My Crap Detector first began to register with the allocation of CO2 emissions permits for 2005…based on self-assessments which made Cod Quotas look like divine justice. The Dirty Half Dozen are Germany with 473 million tonnes, the UK with 242, Italy with 215, Spain with 181, France with 131 and Holland with 81. The other ten countries in the European Commission’s scheme account for just 12% of all permits and can be disregarded.

Demand on the Carbon Trading Exchange is driven by the UK, Spain and Italy …respectively 15%, 11% and 4% over quota. The UK has to buy 40 million tons-worth of CO2 emission permits, Spain 20 and Italy 10. Who has them for sale? Last week it was France and Germany. But then Angela Merkel announced that Germany would give 12 of her 21 million tonnes surplus back to Brussels. But France with her massive ‘non-polluting’ nuclear industry wants to keep her 15 for 2006. Market chaos duly ensued as carbon prices shoot up from €9 to €15 overnight. What a game!

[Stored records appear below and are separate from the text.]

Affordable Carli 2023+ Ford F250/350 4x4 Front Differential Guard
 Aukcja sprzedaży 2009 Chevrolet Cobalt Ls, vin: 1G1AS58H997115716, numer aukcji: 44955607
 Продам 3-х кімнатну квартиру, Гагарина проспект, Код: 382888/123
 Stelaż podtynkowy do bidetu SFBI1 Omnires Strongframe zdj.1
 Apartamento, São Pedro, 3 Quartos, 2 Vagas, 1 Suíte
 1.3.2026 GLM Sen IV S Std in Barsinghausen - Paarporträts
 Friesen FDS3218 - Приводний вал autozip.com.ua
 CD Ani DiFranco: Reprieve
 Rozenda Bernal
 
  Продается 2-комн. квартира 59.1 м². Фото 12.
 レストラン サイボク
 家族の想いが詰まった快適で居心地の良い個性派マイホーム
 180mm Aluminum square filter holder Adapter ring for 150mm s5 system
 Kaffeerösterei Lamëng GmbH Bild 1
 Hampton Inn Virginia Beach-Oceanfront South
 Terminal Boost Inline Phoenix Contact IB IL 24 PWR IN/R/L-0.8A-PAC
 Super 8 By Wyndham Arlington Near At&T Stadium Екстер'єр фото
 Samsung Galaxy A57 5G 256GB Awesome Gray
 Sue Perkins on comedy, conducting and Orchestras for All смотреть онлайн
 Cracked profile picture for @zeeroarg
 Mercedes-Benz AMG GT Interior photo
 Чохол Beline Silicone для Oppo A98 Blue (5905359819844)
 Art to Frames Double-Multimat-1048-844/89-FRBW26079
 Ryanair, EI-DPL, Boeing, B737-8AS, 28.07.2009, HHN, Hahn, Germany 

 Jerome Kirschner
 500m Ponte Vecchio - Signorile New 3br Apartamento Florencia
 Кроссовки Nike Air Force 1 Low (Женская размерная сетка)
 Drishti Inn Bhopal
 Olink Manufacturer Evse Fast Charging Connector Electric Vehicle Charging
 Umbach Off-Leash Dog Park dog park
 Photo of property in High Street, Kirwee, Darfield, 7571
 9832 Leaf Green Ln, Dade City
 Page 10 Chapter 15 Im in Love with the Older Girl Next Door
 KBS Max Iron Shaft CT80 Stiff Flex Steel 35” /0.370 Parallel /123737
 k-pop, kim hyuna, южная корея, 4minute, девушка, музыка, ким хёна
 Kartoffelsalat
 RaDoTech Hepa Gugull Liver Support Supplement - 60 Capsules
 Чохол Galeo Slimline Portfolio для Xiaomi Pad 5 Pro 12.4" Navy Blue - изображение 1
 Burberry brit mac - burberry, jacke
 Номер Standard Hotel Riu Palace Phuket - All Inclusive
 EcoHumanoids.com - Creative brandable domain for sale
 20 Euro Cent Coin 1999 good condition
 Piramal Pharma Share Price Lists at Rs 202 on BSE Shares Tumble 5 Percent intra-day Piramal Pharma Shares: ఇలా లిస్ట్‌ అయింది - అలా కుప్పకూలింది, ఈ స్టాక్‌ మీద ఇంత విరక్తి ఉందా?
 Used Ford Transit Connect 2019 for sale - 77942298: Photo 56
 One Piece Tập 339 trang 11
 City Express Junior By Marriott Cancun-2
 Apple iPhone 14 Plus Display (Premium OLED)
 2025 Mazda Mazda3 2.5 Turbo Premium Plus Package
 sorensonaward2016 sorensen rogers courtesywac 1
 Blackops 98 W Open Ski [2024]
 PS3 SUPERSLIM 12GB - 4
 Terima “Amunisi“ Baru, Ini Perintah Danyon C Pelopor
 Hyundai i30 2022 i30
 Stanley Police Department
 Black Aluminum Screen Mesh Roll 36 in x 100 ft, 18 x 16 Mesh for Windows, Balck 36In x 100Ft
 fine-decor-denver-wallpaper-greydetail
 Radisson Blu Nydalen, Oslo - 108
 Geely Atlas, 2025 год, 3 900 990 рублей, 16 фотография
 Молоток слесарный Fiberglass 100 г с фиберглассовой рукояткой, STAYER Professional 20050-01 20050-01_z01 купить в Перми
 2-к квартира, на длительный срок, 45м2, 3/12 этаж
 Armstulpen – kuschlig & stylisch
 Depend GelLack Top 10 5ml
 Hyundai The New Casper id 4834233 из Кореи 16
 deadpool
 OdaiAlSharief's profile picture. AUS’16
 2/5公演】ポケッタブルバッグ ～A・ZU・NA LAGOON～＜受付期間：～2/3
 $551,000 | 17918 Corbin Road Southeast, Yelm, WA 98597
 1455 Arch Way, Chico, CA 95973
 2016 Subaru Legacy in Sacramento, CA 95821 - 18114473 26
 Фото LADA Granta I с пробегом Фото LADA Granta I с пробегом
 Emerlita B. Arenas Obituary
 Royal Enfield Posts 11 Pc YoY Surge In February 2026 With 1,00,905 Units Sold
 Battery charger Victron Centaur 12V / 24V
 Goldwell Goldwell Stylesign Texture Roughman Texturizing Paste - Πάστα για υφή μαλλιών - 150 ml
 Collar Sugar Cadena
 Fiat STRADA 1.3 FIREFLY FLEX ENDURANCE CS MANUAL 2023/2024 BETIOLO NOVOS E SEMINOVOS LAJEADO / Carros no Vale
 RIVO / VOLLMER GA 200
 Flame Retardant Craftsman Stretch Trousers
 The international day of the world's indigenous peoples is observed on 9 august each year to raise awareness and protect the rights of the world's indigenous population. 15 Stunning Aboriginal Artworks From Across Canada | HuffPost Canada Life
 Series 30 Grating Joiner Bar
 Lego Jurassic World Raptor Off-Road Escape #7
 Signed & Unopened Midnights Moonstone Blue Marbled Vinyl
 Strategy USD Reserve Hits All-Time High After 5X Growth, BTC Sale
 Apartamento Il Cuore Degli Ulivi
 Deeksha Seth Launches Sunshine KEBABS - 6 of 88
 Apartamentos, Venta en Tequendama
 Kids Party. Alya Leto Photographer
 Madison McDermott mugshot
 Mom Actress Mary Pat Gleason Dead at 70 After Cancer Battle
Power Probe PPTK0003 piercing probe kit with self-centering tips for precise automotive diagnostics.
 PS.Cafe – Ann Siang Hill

It gets worse. Britain has enforced the toughest cuts on the electricity generators. Here’s the logic. The electricity sector is more insulated from overseas competition than sectors like chemicals, cement and steel so costs can be passed on to customers in higher prices. But the giant German polluter RWE owns Yorkshire Electricity and npower which supply UK consumers. Electricity companies have been accused of profiteering by charging customers for the free carbon permits they were given by Brussels. Now there’s a surprise. You couldn’t make it up.